Washington Post Article on Self-Surveillance

Back in September 2008, the Washington Post ran an interesting look at self-surveillance, Bytes of Life, interviewing a number of people who were dutifully tracking numerous data points in their day-to-day lives. It is a good introduction to the subject, but unfortunately focuses on some of the more obsessive types in an already obsessive endeavor. For example,

Self-trackers like  [Chris] Messina and [Brynn] Evans could spend hours online, charting, analyzing, tracking. Life as a series of pure, distilled data points, up for interpretation.

I’m not sure if that’s reporter Monica Hesse’s take on self-surveillance or Messina and Evans really do enjoy spending that much time, but here’s my take — if you’re spending more than a few minutes a day capturing and tracking data, you’re doing it wrong. I’d say on most days I spend about at most 10 minutes doing the charting/analyzing/tracking routine (and I’m currently tracking 16 different variables). This is the computer/Internet age — automate, automate, automate and get back to living your life.

The other thing I find a bit odd in this article and others by proponents of self-surveillance is the extent to which you can make decisions based upon such data. There seem to be people, for example, who track their daily/hourly/whatever moods and then attempt to correlate that with other events.

Tracking can “zoom out over my entire life,” he [Messina] says.
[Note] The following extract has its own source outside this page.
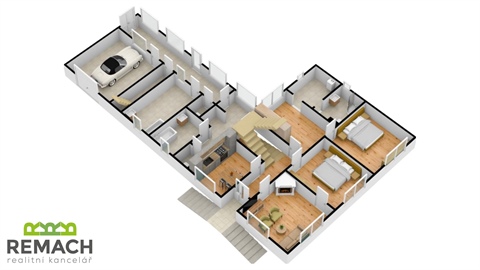 Prodej rodinného domu, 301 m² - 18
It could, for example, help him better understand the aforementioned breakup. “When you’ve self-documented the course of an entire relationship, trivia that doesn’t seem like much could, over time,” help him understand exactly what went wrong, and when.

Maybe, but I doubt it. I suspect that such data would either be obvious — wow, my mood is terrible the day before my dentist appointments as I have a childhood fear of dentists — or it will be specious correlations that are confused for causation.
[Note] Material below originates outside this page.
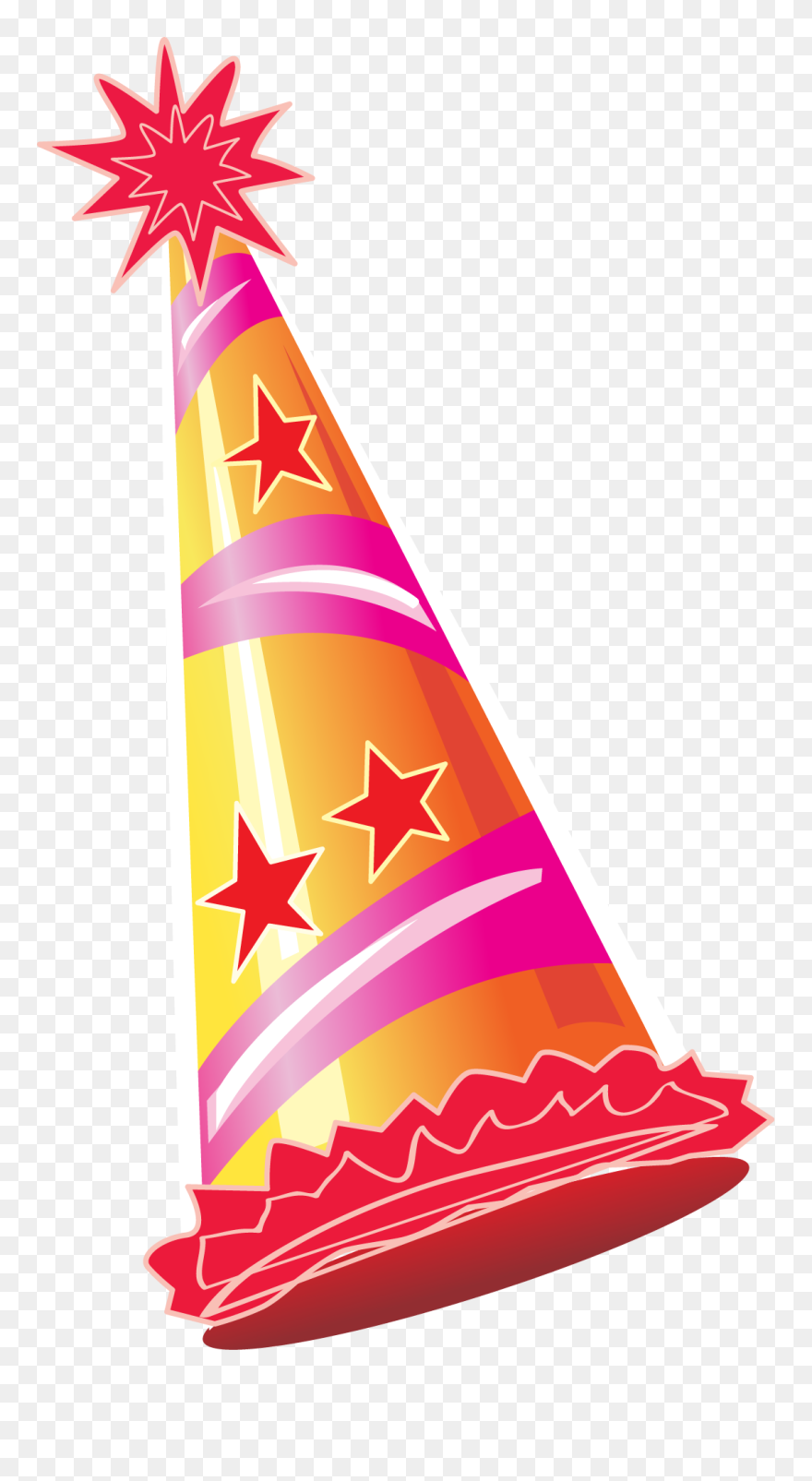 Detail Birthday Party Hat Png Nomer 54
So what exactly is self-surveillance good for beyond the obsessive need to do it? For me, it is primarily a) a tool for meeting personal goals, and b) a way to objectively look at the progress I’m making on those goals.

For example, I really want to lose about 50 pounds. But losing weight is difficult, and as my daughter’s endocrinologist told me, we have a psychological tendency to overestimate the amount of exercise we’re doing. So if I take the dog for a walk a couple months a day, there’s a strong part of  me thinking “okay, I took the dog for a couple walks, I can skip the treadmill.” Tracking weight, dog walks, treadmill, and other workouts does two things. First, it forces me every day to record objectively just what I did the previous day. Did I get on the treadmill? If not, a big 0 goes in there and I’m reminded I really should have done so. Moreover, I can see pretty much what effect that and other decisions have on my weight.
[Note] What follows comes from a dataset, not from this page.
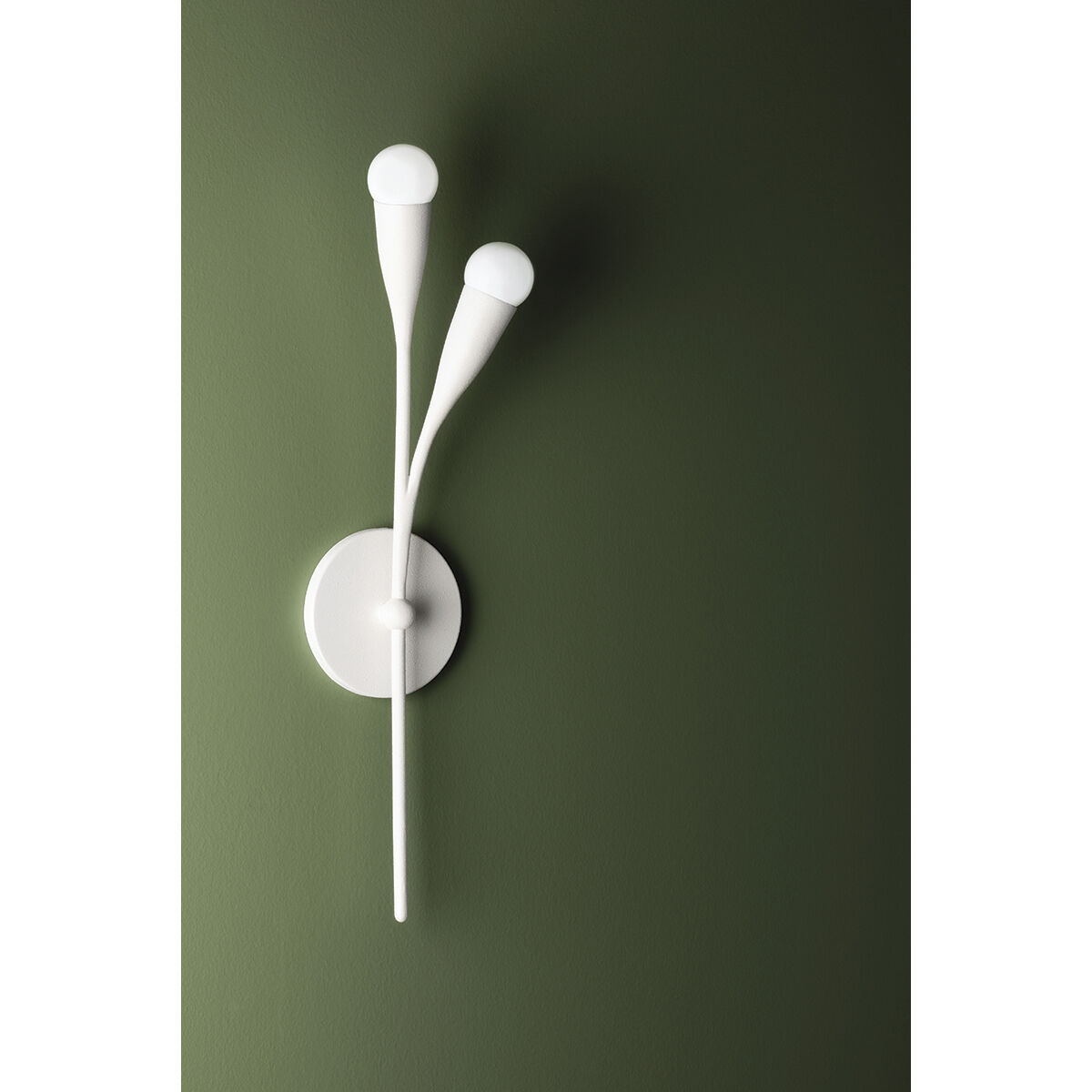 Elsa 8 Light 24 inch Textured White Chandelier Ceiling Light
That’s a fairly traditional method of self-surveillance, but I use the same principle to keep me on target for my reading goal this year. Not only do I track when I start and finish a book, but I go so far as to track and record daily how many pages I read the previous day. Again, when I have to put in 0-15 pages, I realize there’s no way in hell I’m going to meet my goal with too many days like that. On the other hand, when I can stuff 172 in that particular chart, it is a very nice positive reinforcement that says “see, you can really do this.”

I don’t want to turn all Norman Vincent Peale here, but IMO a good portion of life is tricking/persuading ourselves to stay on task to achieve difficult goals. Self-surveillance can play a major role in personal achievement without becoming an obsessive substitute for it.